Le valeur marchande de l’art est pourtant intimement liée au travail de l’artiste, notamment concernant ses œuvres de chevalet. Ainsi, le 16 octobre 2018, l’un des tableaux les plus connus de l’artiste, Girl with Balloon, réalisé en 2006 est mise en vente chez Sotheby’s New York ; à peine le coup de marteau a t’il retentit, actant une vente à la hauteur de 1,6 million de dollars que le tableau s’est déchiqueté, grâce à un mécanisme dans le cadre. On ne connait pas bien la réelle intention de l’artiste, qui était probablement la dénonciation des prix en roue libre du marché de l’art contemporain. Néanmoins, la valeur de l’œuvre après cette performance destructive a été démultipliée, servant les intérêts financiers de l’artiste en augmentant considérablement sa cote. Devolved Parliament, une autre toile de Banksy, a ainsi été adjugée plus de 9,9 millions de livres chez Sotheby’s Londres en octobre 2019.

Banksy méditerranée
Banksy, vue de la méditerranée, 2017, adjugée 2,4 millions d’euros au profit d’un hôpital de Bethleem

De même, face aux trop nombreuses contrefaçons de ses œuvres, l’artiste a été contraint de créer sa propre marque, simplement nommée Banksy, et de l’exploiter commercialement, via un site web marchand, mettant par la même les deux pieds dans un système qu’il exècre et attirant par cette action une vague de critiques acerbes dénonçant l’hypocrisie de ses revendications militantes. Néanmoins, sur son site la critique du consumérisme reste tout de même palpable : les prix sont assez abordables, et les objets fabriqués artisanalement, grâce à des produits de seconde main, tandis que le produit des ventes sera reversé à une association de sauvetage des migrants en Méditerranée. Tentant toujours de manipuler le marché pour l’infléchir vers des issues plus louables, l’artiste a mis en vente en juillet 2020, toujours chez Sotheby’s, un triptyque intitulé Vue sur la Méditerranée, représentant des gilets de sauvetage échoués sur des bords de plages… Les résultats ont dépassé toutes les attentes encore une fois avec une adjudication de 2,2 millions d’euros directement reversés par l’artiste à un hôpital pour enfants de Bethléem, en Cisjordanie.

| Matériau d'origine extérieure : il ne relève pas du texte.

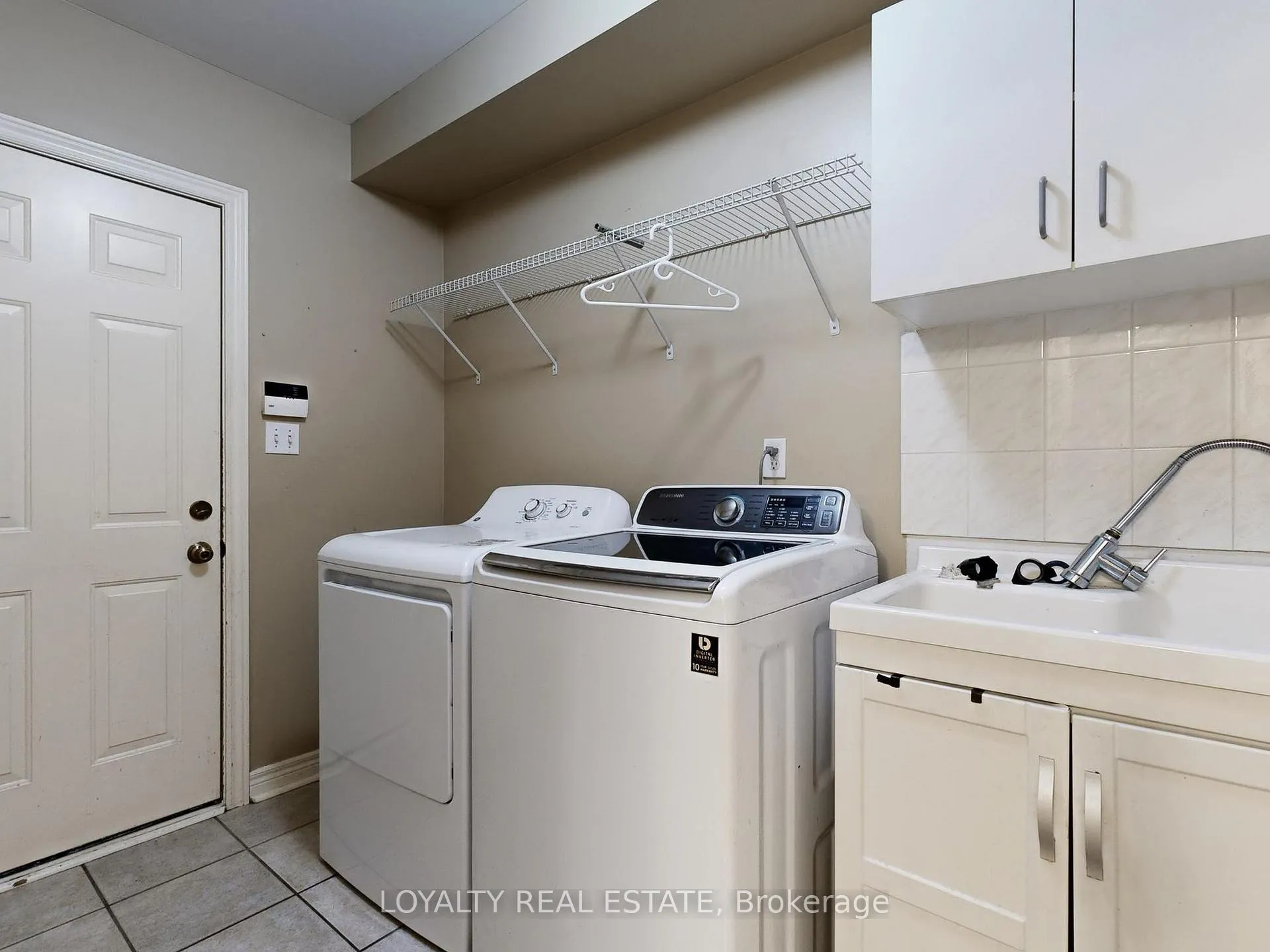 Photo 18 of Unit Upper Level, 50 Thornton Crescent, Vaughan, Maple — HOMEH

Le positionnement d’un artiste par rapport à la marchandisation de ses œuvres est toujours un exercice délicat, notamment pour les street artistes qui doivent mener deux combats de front : batailler pour la reconnaissance de leur art tout en essayant de dénoncer les rouages d’un marché parfois malsain et indécent. L’art est difficile et la critique est facile, il en va de même ici. Rappelons que certains artistes, purs produits des finances et de la marchandisation à outrance de leurs œuvres, tel Jeff Koons, ne s’encombrent pas, eux, de telles considérations éthiques.